Problem: Symptoms are caused by compression of surrounding structures. Sixty percent of esophageal cysts occur in the lower third of the esophagus, where difficulty swallowing from compression is the most common symptom; 20% occur in the upper third of the esophagus, where respiratory difficulty from compression of the tracheobronchial tree is the most common symptom; and 20% occur in the middle third of the esophagus, where retrosternal chest pain and difficulty swallowing are the most common symptoms.
Posterior cysts in the lower third of the esophagus can cause cardiac arrhythmias. The larger the cyst, the greater the chance of it causing symptoms.
- The true incidence of esophageal cysts is unknown.
- Esophageal cysts are rare.
- Many patients with esophageal cysts are asymptomatic and never diagnosed.
- No large study has defined the true incidence of esophageal cysts in the United States or internationally.
- Cysts are usually grouped with other benign lesions of the esophagus.
- Cysts comprise up to 20% of benign esophageal lesions.

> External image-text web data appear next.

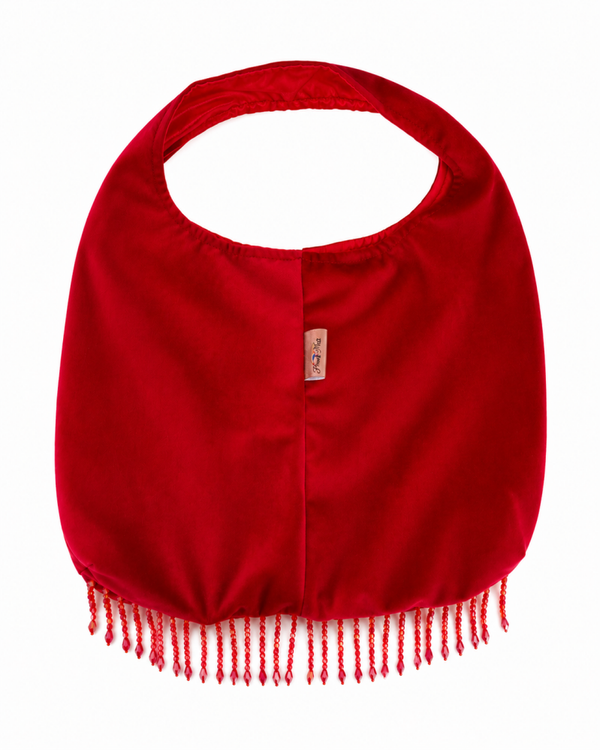 Bordeaux Velours Franjes Handtas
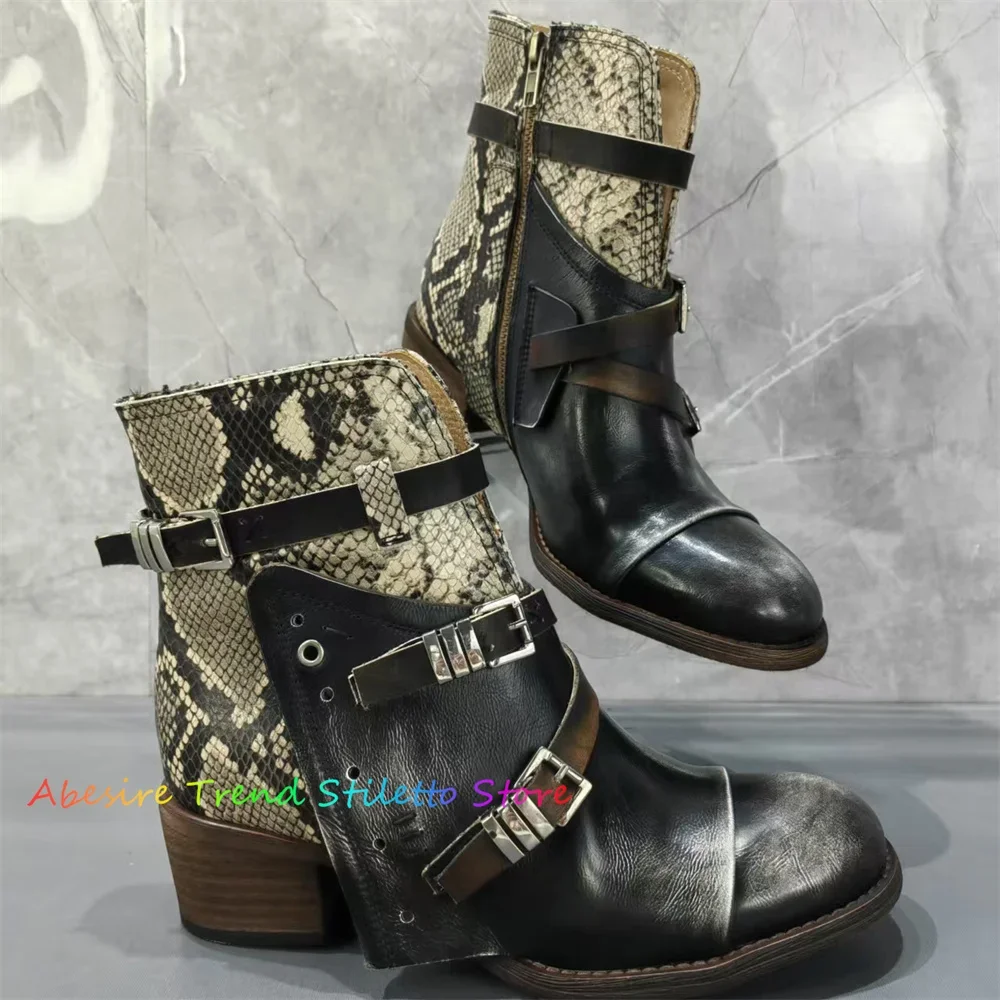 Snake Skin Pattern Belt Buckle Western Boots Women Round Toe Genuine Leather Vintage Side Zipper Make Used Women's Shoes 
Snake Skin Pattern Belt Buckle Western Boots Women Round Toe Genuine Leather Vintage Side Zipper Make Used Women's Shoes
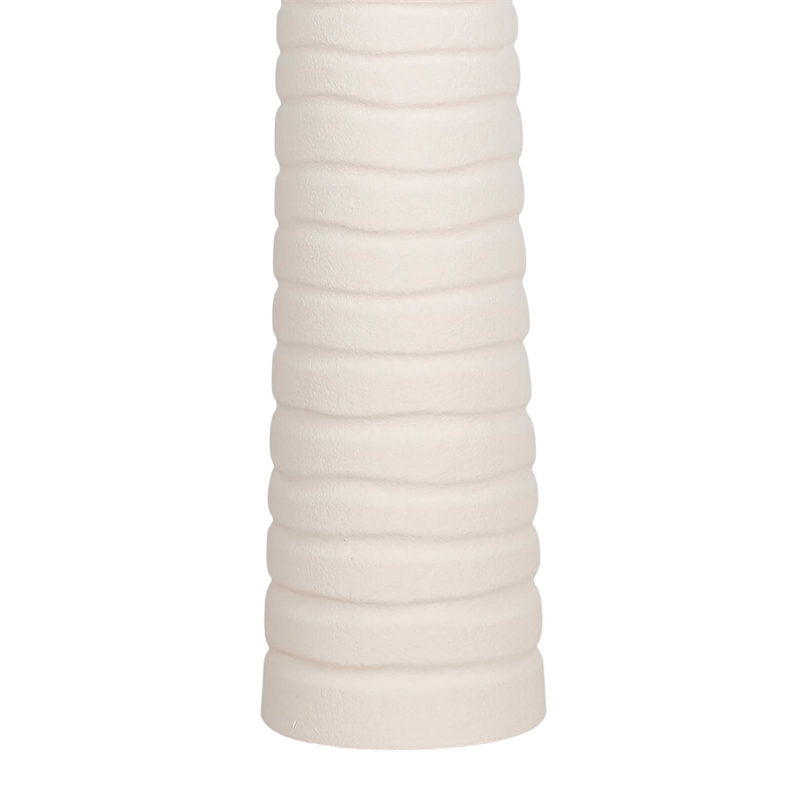 Ivory Calming Flow Ceramic Metal Table Lamp Textured White - Set of 2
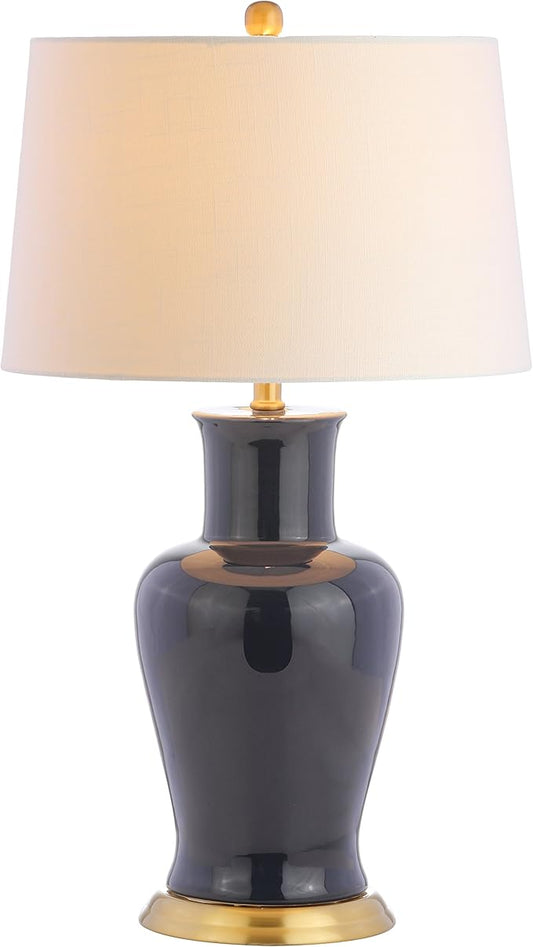 JONATHAN Y JYL4026B Julian 29" Ceramic LED Table Lamp Traditional Transitional Bedside Desk Nightstand Lamp for Bedroom Living Room Office College Bookcase LED Bulb Included, Navy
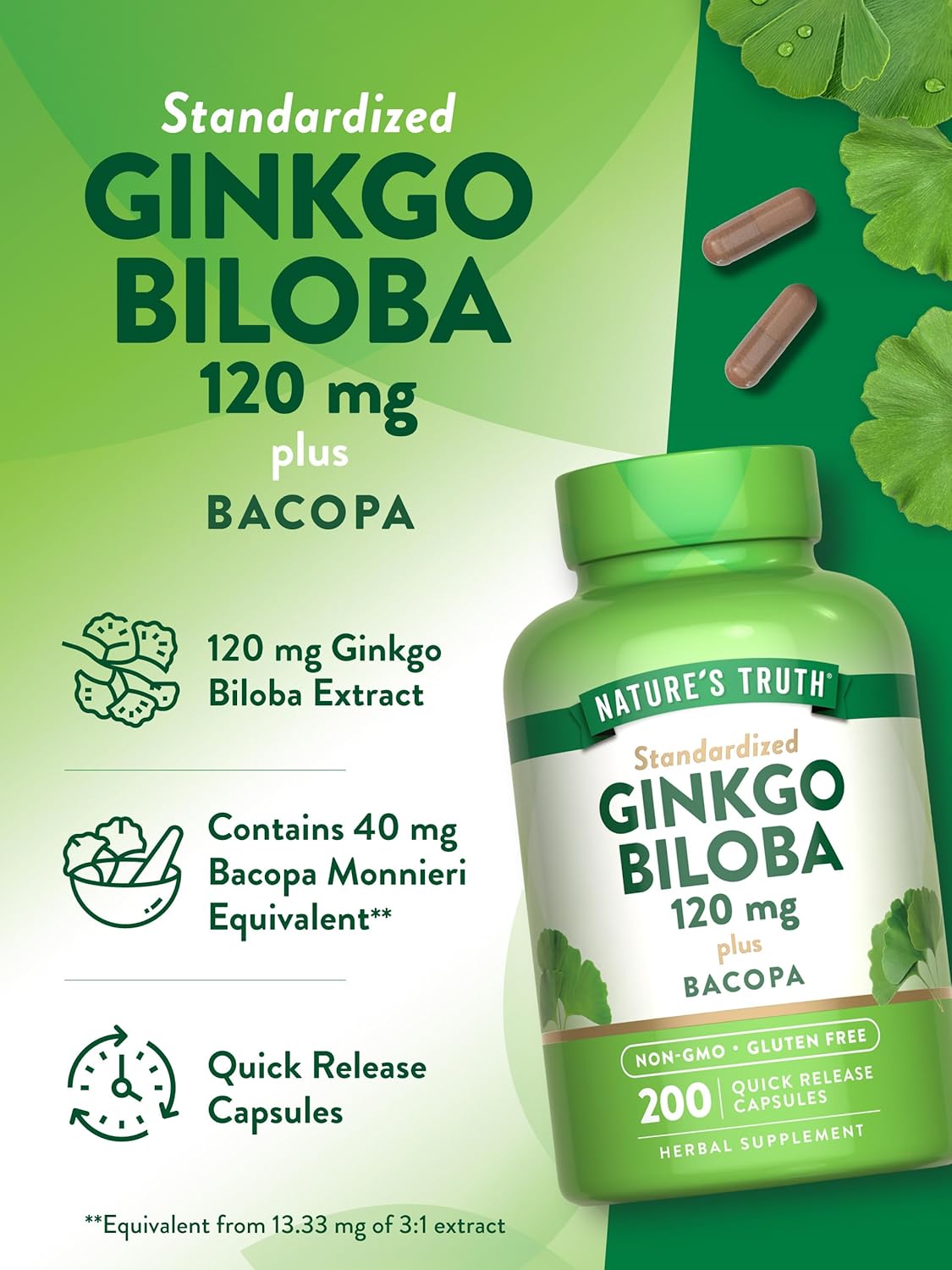 Ginkgo Biloba & Bacopa 120mg Capsules | 200 Quick Release | Standardized Extract | Non-GMO & Gluten Free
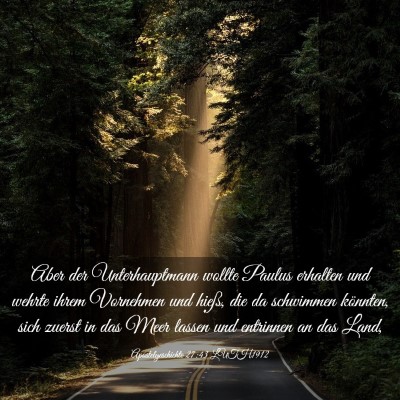 Picture 03 - Apostelgeschichte 27:43 LUTH1912 - Aber der Unterhauptmann wollte Paulus erhalten - Bible Verse Picture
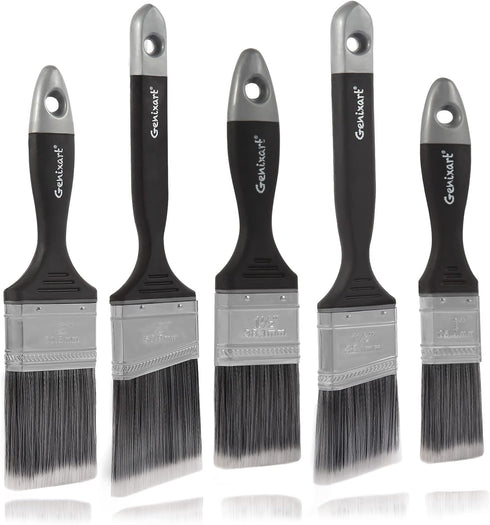 Angle Sash Paint Brush, Wall Trim Stain Brushes Set for Wall & Furniture Painting (5Pack Assorted Sizes)...
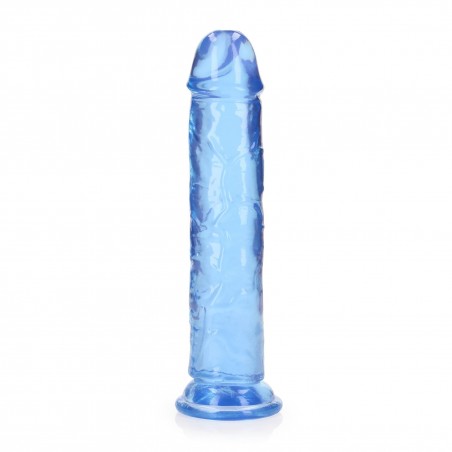 REALROCK CRYSTAL CLEAR - Dildo z Przyssawką - Niebieskie - 20 cm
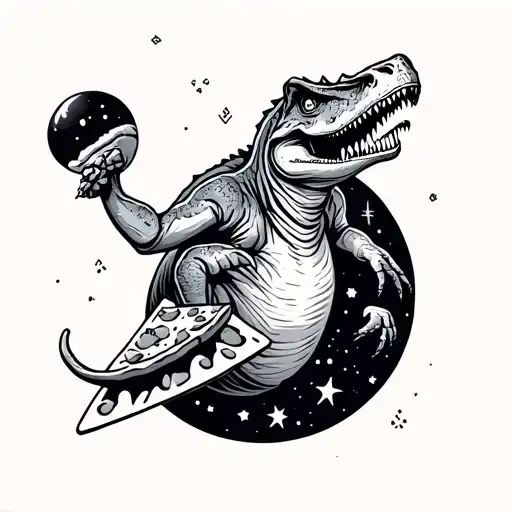 Dinasour Eating Pizza In Outer Space Themed
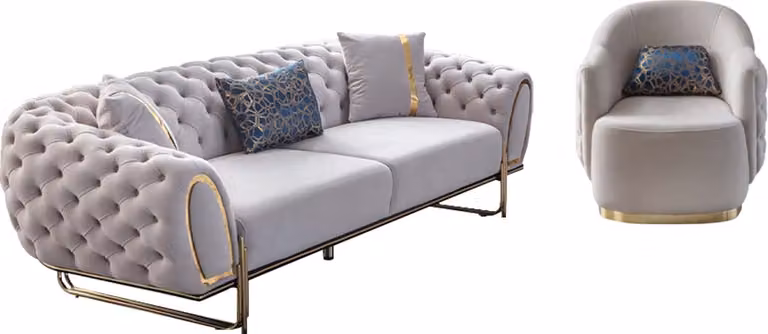 Chesterfield Weißes Sofa Set Edler 3-Sitzer Exklusiver Sessel 2tlg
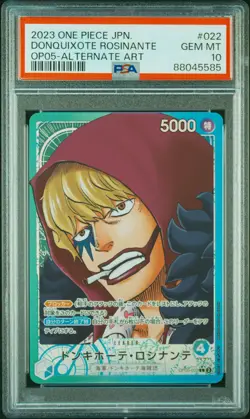 PSA 10 GEM MINT JAPANESE ONE PIECE 2023 DONQUIXOTE ROSINANTE OP05-022 ALTERNATE - Image 1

- Up to 80% of cysts are diagnosed in childhood.
Etiology: Esophageal cysts develop from aberrant elements of the esophageal wall. Simple cysts are duplication of the epithelium, whereas true esophageal duplications are duplications of the submucosa and the muscle wall without duplication of the epithelium. Maldevelopment of the posterior division of the primitive foregut is the embryologic defect responsible for esophageal cysts.
The lining of the cyst can vary and can include squamous columnar, cuboidal, pseudostratified, ciliated, and gastric mucosae. Hemorrhage can be the presenting symptom if gastric mucosa is present in the cyst. The other types of mucosa are not specifically associated with particular symptoms.
- Embryologic duplication of specific elements of the esophageal wall causes cysts.
- Cysts are duplication of the epithelium.
- True duplications are duplication of the muscle and submucosa.
- Many children with esophageal cysts are asymptomatic.
- Most cysts are diagnosed during childhood.
- Most adults (67%) with cysts are symptomatic.
- Chest pain (tightness or fullness) is the most common presentation.
- Dysphagia may also occur.
- Hematemesis can occur if gastric epithelium is present in the cyst.
- Most esophageal cysts develop in the right posteroinferior mediastinum.
- Although rare, malignant degeneration can occur.
||Section 3 of 11
- All esophageal cysts should be evaluated and, eventually, resected.
- Radiographs guided by history and physical examination findings usually confirm the diagnosis.
- Plain chest radiographs reveal a cyst within the mediastinum.
- Barium swallow studies reveal compression of the esophagus without ulceration.
- CT scan reveals a fluid-filled cystic structure originating from the esophagus.
- Endoscopy demonstrates extrinsic compression with intact mucosa.
- Endoscopic ultrasonography reveals a cystic, filled structure in connection with the esophagus.
- MRI scans can also help diagnose esophageal cysts.
- Nearly 75% of patients with esophageal cysts eventually become symptomatic; therefore, cysts should be resected when they are diagnosed.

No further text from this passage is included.